In 2011 konnten wir trotzdem einige Märkte hinzugewinnen, um die sich unsere Vertriebsmitarbeiterin Snezana Radovic sehr bemüht hatte. Es wurden Vereinbarungen getroffen mit Serbien (hier ersetzten wir Frau Mikovic durch eine ihrer Kundinnen, Olivera Mandic aus Uzice. Wir starteten erstmals in Bosnien-Herzegowina und in Montenegro. Kroatien sollte noch in 2012 folgen.

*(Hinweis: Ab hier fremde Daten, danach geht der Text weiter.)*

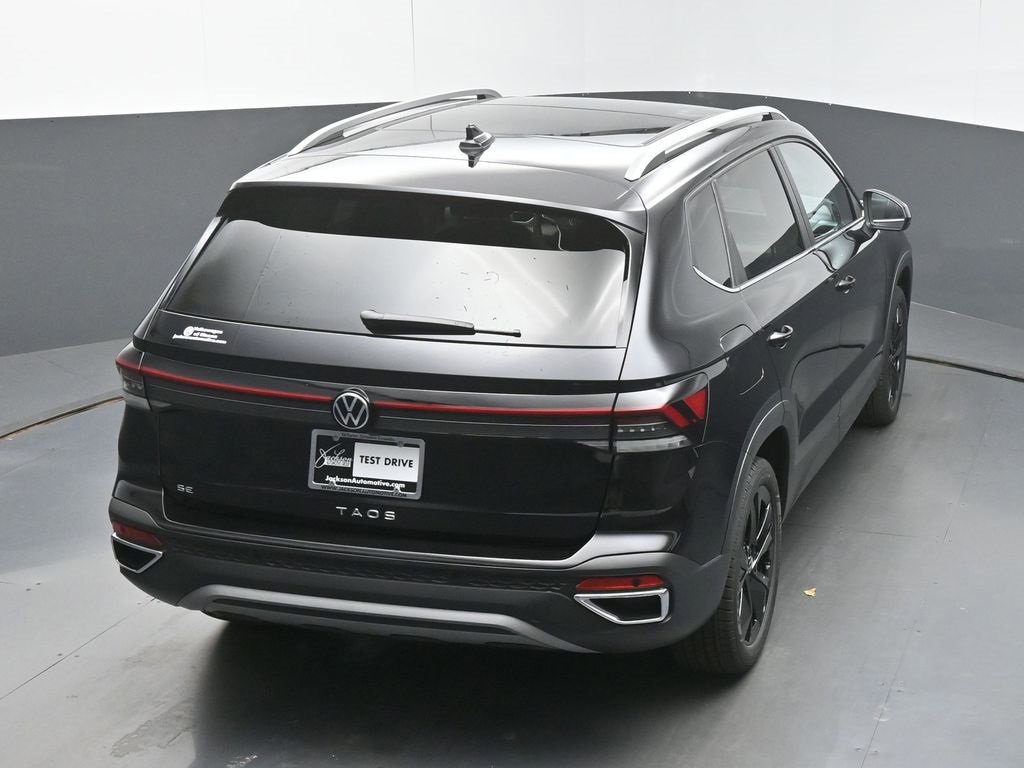 New 2025 Volkswagen Taos SE image 48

Reinhard war es gelungen, eine Vereinbarung mit Bangladesch unter Dach und Fach zu bringen, hierein setzten wir auch große Hoffnungen, zumal wir in Pakistan sehr erfolgreich waren. Auch das kleine Luxemburg war als 80. Land hinzugekommen. 

 

Die Personaldecke des Unternehmens wurde verstärkt, da wir doch viele Engpässe hatten. Für den gesamten Webbereich kam Safak Can-Arat zu uns, die auch Spezialistin für Online Marketing war und unsere Shops auf Vordermann bringen sollte. Die ganze Arbeit im Internetbereich konnte von Eva nicht so nebenbei erledigt werden. 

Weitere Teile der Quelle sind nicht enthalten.